- Collected material:
※ ※ ※
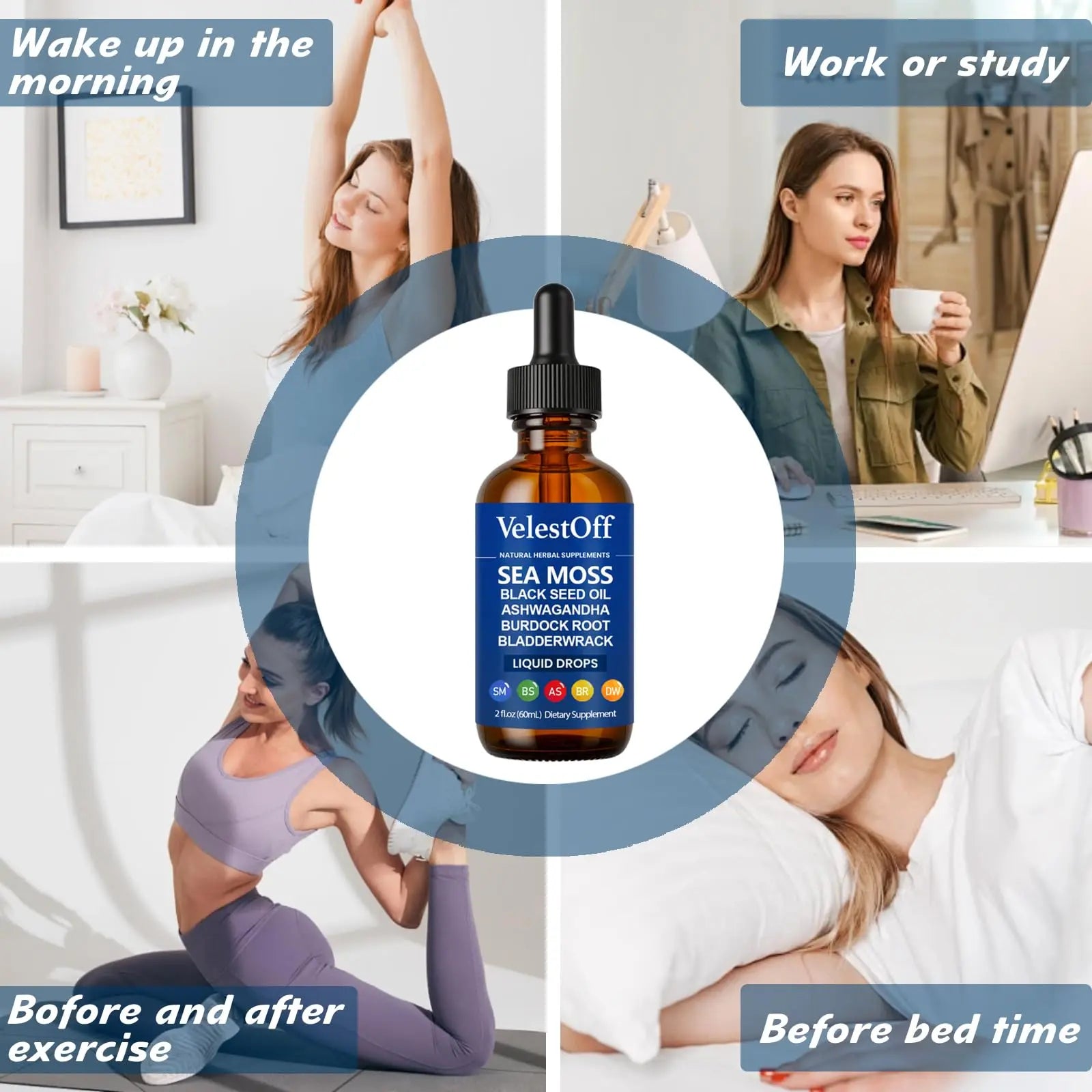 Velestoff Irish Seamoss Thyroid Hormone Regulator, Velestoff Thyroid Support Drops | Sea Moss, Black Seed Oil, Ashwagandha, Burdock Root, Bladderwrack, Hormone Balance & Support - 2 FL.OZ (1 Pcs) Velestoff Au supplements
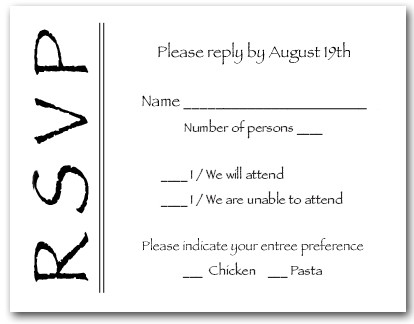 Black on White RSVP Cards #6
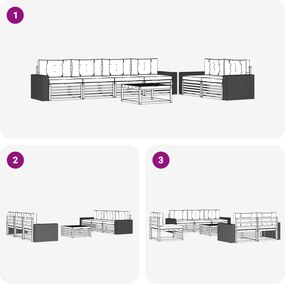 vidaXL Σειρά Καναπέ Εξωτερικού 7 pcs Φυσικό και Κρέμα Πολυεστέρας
※ ※ ※
- How to complete this task: The lines from the one containing "Black on White RSVP Cards #6" through the last line above are to be repeated exactly, and only those. Any pictures must be left out.

- Task answer:
 Black on White RSVP Cards #6
 vidaXL Σειρά Καναπέ Εξωτερικού 7 pcs Φυσικό και Κρέμα Πολυεστέρας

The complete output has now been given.